Assignment → Copy exactly the lines of the data below that run from the line holding "Adjustable Dumbbells, 30lbs" through the line holding "GUCCI SHOES MENS", both ends included.

Provided data →
↓

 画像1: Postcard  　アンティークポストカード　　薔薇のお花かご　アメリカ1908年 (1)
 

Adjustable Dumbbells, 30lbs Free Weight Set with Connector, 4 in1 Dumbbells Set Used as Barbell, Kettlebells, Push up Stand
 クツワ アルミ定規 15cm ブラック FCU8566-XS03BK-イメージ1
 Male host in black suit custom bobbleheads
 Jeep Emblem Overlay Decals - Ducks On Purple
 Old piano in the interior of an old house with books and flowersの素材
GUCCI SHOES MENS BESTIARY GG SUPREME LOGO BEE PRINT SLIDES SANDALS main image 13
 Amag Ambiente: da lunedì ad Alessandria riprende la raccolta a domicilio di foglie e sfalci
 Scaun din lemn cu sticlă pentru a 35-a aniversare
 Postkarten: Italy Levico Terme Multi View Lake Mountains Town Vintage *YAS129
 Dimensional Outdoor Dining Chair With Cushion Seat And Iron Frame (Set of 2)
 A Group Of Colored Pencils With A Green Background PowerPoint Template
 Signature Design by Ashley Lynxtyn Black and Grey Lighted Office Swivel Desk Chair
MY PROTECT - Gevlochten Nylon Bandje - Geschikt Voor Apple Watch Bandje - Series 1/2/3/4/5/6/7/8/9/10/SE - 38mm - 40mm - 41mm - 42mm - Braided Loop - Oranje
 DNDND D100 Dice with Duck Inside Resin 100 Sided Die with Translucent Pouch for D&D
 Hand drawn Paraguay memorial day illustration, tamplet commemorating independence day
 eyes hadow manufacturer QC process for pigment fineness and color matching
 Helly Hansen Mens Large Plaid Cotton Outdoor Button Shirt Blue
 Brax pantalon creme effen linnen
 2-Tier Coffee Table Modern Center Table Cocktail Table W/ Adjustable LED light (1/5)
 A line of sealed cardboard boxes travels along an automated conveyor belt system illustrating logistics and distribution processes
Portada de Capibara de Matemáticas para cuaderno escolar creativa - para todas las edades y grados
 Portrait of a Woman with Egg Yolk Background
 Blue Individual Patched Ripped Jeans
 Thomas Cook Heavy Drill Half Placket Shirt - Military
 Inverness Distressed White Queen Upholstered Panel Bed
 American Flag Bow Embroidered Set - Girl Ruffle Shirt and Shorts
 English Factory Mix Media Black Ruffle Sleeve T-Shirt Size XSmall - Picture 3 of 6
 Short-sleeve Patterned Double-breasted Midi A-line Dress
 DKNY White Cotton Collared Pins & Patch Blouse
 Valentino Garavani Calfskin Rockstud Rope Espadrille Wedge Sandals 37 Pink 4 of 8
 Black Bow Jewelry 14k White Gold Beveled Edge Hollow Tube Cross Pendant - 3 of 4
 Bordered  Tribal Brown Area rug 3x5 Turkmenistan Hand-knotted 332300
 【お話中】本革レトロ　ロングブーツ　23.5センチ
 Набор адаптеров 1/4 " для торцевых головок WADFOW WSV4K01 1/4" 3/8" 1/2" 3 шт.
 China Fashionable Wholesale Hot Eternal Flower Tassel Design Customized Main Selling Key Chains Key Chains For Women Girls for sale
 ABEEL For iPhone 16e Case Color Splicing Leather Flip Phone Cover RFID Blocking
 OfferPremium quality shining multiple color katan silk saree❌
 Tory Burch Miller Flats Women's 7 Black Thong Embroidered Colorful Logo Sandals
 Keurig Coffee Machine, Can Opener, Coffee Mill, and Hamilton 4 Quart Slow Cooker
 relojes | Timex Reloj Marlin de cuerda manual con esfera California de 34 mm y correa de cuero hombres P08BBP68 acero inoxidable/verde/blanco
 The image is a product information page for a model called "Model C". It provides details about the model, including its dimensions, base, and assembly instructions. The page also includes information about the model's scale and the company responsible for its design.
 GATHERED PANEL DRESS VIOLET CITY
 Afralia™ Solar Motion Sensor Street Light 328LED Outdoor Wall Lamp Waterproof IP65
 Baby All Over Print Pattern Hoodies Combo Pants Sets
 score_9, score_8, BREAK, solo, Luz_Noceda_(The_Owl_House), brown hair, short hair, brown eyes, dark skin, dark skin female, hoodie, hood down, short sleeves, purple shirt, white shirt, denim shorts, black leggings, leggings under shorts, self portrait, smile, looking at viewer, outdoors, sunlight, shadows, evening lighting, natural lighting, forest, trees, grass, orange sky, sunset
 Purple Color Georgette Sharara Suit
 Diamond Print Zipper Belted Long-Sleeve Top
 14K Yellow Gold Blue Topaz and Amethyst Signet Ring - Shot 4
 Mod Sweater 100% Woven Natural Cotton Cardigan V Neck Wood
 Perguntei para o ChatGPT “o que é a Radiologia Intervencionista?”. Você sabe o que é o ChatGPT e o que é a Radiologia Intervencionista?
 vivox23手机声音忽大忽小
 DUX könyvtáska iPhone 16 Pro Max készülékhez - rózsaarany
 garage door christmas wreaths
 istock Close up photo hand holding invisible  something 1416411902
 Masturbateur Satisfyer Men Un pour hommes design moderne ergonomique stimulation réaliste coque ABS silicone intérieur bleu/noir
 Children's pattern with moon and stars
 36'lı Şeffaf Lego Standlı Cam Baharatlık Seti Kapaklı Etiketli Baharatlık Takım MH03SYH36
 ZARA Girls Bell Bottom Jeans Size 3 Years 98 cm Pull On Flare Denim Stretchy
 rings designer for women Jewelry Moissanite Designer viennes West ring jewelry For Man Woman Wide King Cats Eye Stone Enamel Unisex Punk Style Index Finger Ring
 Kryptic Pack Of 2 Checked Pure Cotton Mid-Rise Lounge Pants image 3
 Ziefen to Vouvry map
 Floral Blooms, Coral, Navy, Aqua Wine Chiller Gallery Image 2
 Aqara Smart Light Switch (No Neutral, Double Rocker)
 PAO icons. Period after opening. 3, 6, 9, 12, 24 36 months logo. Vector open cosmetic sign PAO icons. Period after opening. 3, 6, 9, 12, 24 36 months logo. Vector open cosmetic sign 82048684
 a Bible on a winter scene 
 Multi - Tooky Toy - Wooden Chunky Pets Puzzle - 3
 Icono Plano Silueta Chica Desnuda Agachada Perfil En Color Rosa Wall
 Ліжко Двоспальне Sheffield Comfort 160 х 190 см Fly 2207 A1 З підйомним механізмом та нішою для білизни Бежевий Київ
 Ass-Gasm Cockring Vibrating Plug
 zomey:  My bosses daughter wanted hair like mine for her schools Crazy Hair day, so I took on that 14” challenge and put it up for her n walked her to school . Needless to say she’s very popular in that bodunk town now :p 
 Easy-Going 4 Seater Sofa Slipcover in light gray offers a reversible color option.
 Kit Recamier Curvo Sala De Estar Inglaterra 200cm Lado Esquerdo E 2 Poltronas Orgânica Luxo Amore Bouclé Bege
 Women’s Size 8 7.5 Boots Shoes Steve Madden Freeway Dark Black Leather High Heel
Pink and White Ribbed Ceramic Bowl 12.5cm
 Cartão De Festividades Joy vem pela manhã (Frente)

↑

Exercise response →
Adjustable Dumbbells, 30lbs Free Weight Set with Connector, 4 in1 Dumbbells Set Used as Barbell, Kettlebells, Push up Stand
 クツワ アルミ定規 15cm ブラック FCU8566-XS03BK-イメージ1
 Male host in black suit custom bobbleheads
 Jeep Emblem Overlay Decals - Ducks On Purple
 Old piano in the interior of an old house with books and flowersの素材
GUCCI SHOES MENS BESTIARY GG SUPREME LOGO BEE PRINT SLIDES SANDALS main image 13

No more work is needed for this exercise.